Task description >> From the listing below, retype exactly the line holding "Interestingly, it only", the line holding "In the triode region, the", and the lines between them; skip everything else.
# # # # #
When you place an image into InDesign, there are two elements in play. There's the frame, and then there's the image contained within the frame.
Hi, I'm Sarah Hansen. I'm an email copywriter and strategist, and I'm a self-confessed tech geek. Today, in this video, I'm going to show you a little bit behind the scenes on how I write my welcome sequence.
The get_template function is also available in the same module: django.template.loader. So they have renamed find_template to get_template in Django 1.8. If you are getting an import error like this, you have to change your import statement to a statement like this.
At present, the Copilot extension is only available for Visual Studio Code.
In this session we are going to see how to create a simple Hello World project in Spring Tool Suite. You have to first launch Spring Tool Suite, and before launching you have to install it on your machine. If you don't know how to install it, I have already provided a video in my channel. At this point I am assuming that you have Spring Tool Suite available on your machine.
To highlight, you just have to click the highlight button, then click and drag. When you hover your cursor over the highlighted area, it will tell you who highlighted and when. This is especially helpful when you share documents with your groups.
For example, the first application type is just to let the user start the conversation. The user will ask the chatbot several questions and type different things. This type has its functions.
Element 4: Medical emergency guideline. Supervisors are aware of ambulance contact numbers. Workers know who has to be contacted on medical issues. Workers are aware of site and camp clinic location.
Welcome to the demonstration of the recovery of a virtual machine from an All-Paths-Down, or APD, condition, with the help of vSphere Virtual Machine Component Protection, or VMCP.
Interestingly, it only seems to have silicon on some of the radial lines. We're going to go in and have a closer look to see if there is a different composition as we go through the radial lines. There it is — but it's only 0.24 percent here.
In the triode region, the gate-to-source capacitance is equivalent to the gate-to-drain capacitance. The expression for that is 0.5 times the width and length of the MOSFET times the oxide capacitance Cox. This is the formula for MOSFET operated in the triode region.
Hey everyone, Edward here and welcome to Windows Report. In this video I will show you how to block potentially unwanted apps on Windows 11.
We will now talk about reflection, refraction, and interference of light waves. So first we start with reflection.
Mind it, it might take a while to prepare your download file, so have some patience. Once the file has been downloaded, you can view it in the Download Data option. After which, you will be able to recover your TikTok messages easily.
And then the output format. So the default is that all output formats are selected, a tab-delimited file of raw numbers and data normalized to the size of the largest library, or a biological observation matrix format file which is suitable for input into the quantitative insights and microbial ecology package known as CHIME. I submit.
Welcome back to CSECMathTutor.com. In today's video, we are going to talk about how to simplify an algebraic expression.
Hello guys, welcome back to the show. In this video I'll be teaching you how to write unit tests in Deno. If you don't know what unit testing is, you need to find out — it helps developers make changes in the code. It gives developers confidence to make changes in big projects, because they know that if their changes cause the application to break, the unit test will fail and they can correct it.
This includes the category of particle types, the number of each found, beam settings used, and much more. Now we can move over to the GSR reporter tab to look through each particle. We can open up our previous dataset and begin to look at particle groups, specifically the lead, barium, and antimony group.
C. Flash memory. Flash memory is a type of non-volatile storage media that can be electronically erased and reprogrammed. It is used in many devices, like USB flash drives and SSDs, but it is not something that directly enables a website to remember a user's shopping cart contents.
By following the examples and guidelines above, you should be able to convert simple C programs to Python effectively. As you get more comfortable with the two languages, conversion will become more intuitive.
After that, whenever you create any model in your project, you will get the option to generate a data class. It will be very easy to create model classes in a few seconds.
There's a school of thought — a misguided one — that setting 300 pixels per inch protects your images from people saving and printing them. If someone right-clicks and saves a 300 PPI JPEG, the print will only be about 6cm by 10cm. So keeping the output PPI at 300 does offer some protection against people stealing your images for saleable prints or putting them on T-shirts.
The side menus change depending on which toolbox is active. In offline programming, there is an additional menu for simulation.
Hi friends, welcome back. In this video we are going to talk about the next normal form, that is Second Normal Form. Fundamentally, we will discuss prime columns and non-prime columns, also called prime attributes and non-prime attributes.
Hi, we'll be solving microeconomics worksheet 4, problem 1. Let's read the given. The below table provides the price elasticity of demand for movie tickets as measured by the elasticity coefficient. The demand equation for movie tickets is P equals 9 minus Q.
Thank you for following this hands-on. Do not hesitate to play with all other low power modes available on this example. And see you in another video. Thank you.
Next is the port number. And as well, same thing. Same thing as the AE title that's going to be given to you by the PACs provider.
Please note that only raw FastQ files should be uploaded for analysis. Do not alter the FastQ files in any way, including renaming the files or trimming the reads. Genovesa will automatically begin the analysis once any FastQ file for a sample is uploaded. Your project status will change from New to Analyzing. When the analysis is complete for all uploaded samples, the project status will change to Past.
# # # # #
Exercise response >>
Interestingly, it only seems to have silicon on some of the radial lines. We're going to go in and have a closer look to see if there is a different composition as we go through the radial lines. There it is — but it's only 0.24 percent here.
In the triode region, the gate-to-source capacitance is equivalent to the gate-to-drain capacitance. The expression for that is 0.5 times the width and length of the MOSFET times the oxide capacitance Cox. This is the formula for MOSFET operated in the triode region.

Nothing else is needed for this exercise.